Après l’exposition de l’extraordinaire collectionneur et visionnaire russe, Sergueï Chtchoukine (1854-1936), du 22 octobre 2016 au 05 mars 2017 (Voir la fiche du 3 novembre 2016), la Fondation Vuitton, au Bois de Boulogne à Paris, continue son dytique sur Les Icônes de l’art moderne en présentant la collection des frères Morozov (du 22 septembre 2021 au 22 février 2022). Mikhail et Ivan Morosov sont nés respectivement en 1870 et 1871. Leur arrière-grand-père était un serf qui, affranchi, avait lancé une fabrique de rubans, transformée à la fin du XIXe siècle en plusieurs usines textiles prospères.
Les deux frères grandirent dans un environnement cultivé, progressiste, plébiscitant le théâtre, la littérature et la peinture. Durant leur adolescence ils fréquentent les peintres russes les plus importants de leur temps. Ils vont par la suite s’entourer de conseillers artistiques tels les peintres Konstantine Korovine ou Valentin Serov qui les aideront à constituer leur collection. Mikhaïl, l’aîné, une personnalité haute en couleur, francophile et francophone, auteur de critiques de théâtre (et d’un roman érotique sous pseudo qui fit scandale), commence à collectionner l’art contemporain de son époque. Dès la fin des années 1890 Manet, Corot, Monet, Toulouse-Lautrec, Degas, Bonnard, Denis, Gauguin et Van Gogh voisinent dans sa collection. Il ose acheter des nus, ce qui est très mal perçu dans son milieu assez puritain. Fêtard, bon vivant, il meurt en 1903, à l’âge de 33 ans, en ayant toutefois réuni 39 œuvres françaises et 44 russes. Sa veuve en fera don à la Galerie Trétiakov en 1910. Son frère Ivan, à la tête des entreprises familiales, plus pondéré et moins flamboyant, collectionne à son tour : il amasse jusqu’à la Première Guerre mondiale 240 œuvres françaises et 430 russes, signées Renoir, Picasso, Gauguin, Matisse, Bonnard ou Cézanne, et Repine, Vroubel ou encore Gontcharova (la seule femme figurant dans cette collection). Il fait réaliser par Maurice Denis des décorations monumentales du Salon de musique, et par Bonnard de l’escalier d’honneur de son hôtel moscovite. Cette collection sera nationalisée en 1918, après la révolution russe. Ivan Morozov s’exilera et mourra peu après, en 1921, à l’âge de 49 ans, en Allemagne.

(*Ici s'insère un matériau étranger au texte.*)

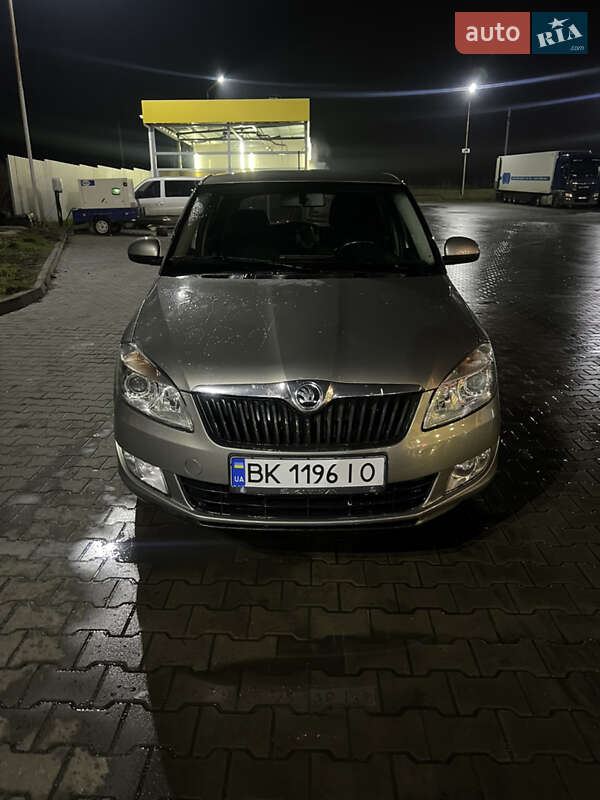 Хэтчбек Skoda Fabia 2015 в Луцке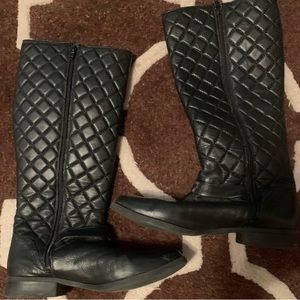 Vince Camuto zip up blk boots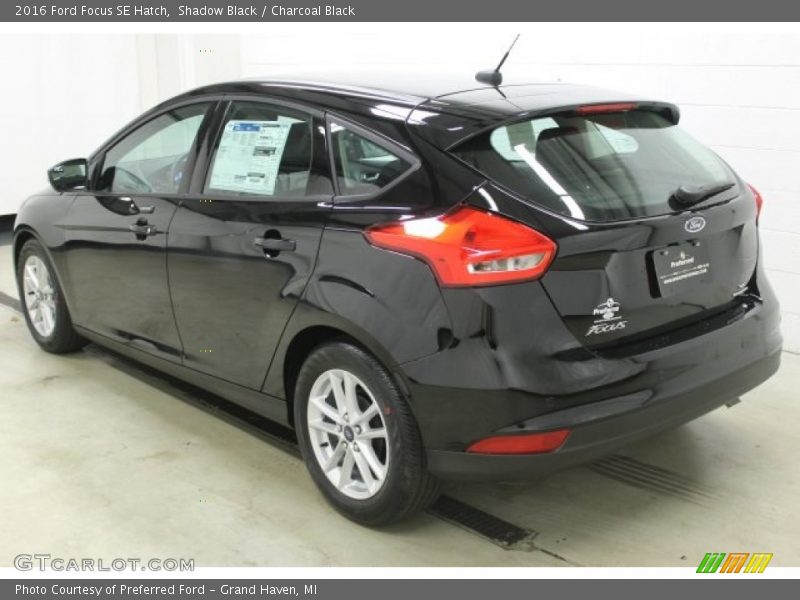 Shadow Black / Charcoal Black 2016 Ford Focus SE Hatch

La collection sera réunie en 1928 à la collection Chtchoukine. Elle connaitra bien des vicissitudes : décrochages partiels et même vente de certains tableaux aux États-Unis, interdictions successives de présentation de certaines œuvres pour des raisons idéologiques, déménagement temporaire à Novossibirsk. Il faudra attendre la politique du Dégel dans les années 50 pour que les œuvres impressionnistes, fauves et cubistes soient progressivement présentées au public.
Si vous en avez la possibilité ne ratez pas cette magnifique exposition d’œuvres majeures de la peinture française, Cézanne, Gauguin, Van Gogh, Renoir, Monet, Bonnard, Denis, Matisse, Derain, (un magnifique Picasso, Les deux saltimbanques, de 1901), aux côtés d’importants artistes russes tels que Vroubel, Malevitch, Repine, Larionov, Serov, présentée pour la première fois hors de Russie.

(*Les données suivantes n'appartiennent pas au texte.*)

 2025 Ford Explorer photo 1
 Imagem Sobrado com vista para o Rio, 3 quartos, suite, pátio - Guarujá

Un conseil : prenez vos places par Internet, en retenant de préférence les horaires du matin et en évitant si possible les vacances scolaires. En arrivant à la Fondation, passez par le jardin d’acclimatation, contournez le bassin et prenez l’entrée qui est à l’opposé de l’entrée principale. Ce sera plus facile.